Genode's GUI stack enables a high degree of flexibility. Beside the fundamental nitpicker component, responsible for basically multiplexing input events and framebuffer content, there is the window-manager component, and example implementations of a window-layouter, and decorator. The interplay of the latter three allows a window management that scales from simple to rich and sophisticated without lowering its security properties. For a brief description of its architecture, please refer to the release notes of 14.08.

In this architecture, the window layouter is responsible for the arrangement of the different windows. It exports a data model of the window layout. Although, the example implementation of the window layouter introduced in 14.08 was simple, it already contained a notion of having different virtual screens and screen sections, beside the actual window placements. However, until now there was no use-case of switching dynamically between different virtual screens respectively window sets related to them.

While using more and more different graphical components within Sculpt, the window layouter in its initial form hit a limit. Although it already allowed to switch in-between different windows via configured key-combinations, it became inconvenient when having more than a handful windows hiding each other.

Therefore, the window layouter now got extended to allow switching dynamically in between several pre-defined virtual screens.

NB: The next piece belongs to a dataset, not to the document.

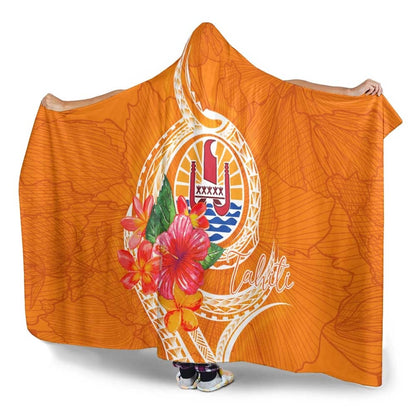 Tahiti Polynesian Hooded Blanket - Orange Floral With Seal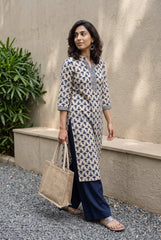 Indigo buta ban neck kurta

For the time being, one has to assign a new window to a screen in the rule-set of the window layouter initially by hand. Defining the currently visible screen can either be done by editing the rule-set, or by using pre-configured key-combinations.

The new default configuration of the window layouter as exported by its corresponding depot package looks like the following:

 <config rules="rom">
   <rules>
     <screen name="screen_1"/>
     <screen name="screen_2"/>
     <screen name="screen_3"/>
     <screen name="screen_4"/>
     <screen name="screen_5"/>
     <screen name="screen_6"/>
     <screen name="screen_7"/>
     <screen name="screen_8"/>
     <screen name="screen_9"/>
     <screen name="screen_0"/>
     <assign label_prefix="" target="screen_1" xpos="any" ypos="any"/>
   </rules>

   <press key="KEY_SCREEN">
     <press key="KEY_ENTER" action="toggle_fullscreen"/>
     <press key="KEY_1"     action="screen" target="screen_1"/>
     <press key="KEY_2"     action="screen" target="screen_2"/>
     <press key="KEY_3"     action="screen" target="screen_3"/>
     <press key="KEY_4"     action="screen" target="screen_4"/>
     <press key="KEY_5"     action="screen" target="screen_5"/>
     <press key="KEY_6"     action="screen" target="screen_6"/>
     <press key="KEY_7"     action="screen" target="screen_7"/>
     <press key="KEY_8"     action="screen" target="screen_8"/>
     <press key="KEY_9"     action="screen" target="screen_9"/>
     <press key="KEY_0"     action="screen" target="screen_0"/>
 ...

As can be seen, individual keys are assigned to switch to a specific virtual screen. By default ten screens are defined that are accessible via the number keys. The first screen definition in the rules configuration marks the currently visible screen.

Menu-view widget renderer

The line of work described in Section Redesign of the administrative user interface of Sculpt OS called for the enhancement of Genode's GUI-rendering component. This component - named menu view - was originally introduced in Genode 14.11 for the rendering of the relatively simple menus of an application launcher. Its software design largely deviates from the beaten track of established widget toolkits, which come in the form of client-side libraries. The menu view is not a complete toolkit but solely a dialog renderer sandboxed in a dedicated component. This design reinforces the strict separation of the view from the application logic, fosters screen-resolution independence, and - most importantly - keeps the complexity of pixel processing out of the application program. Because of the latter, it lends itself to the implementation of security-sensitive interactive applications.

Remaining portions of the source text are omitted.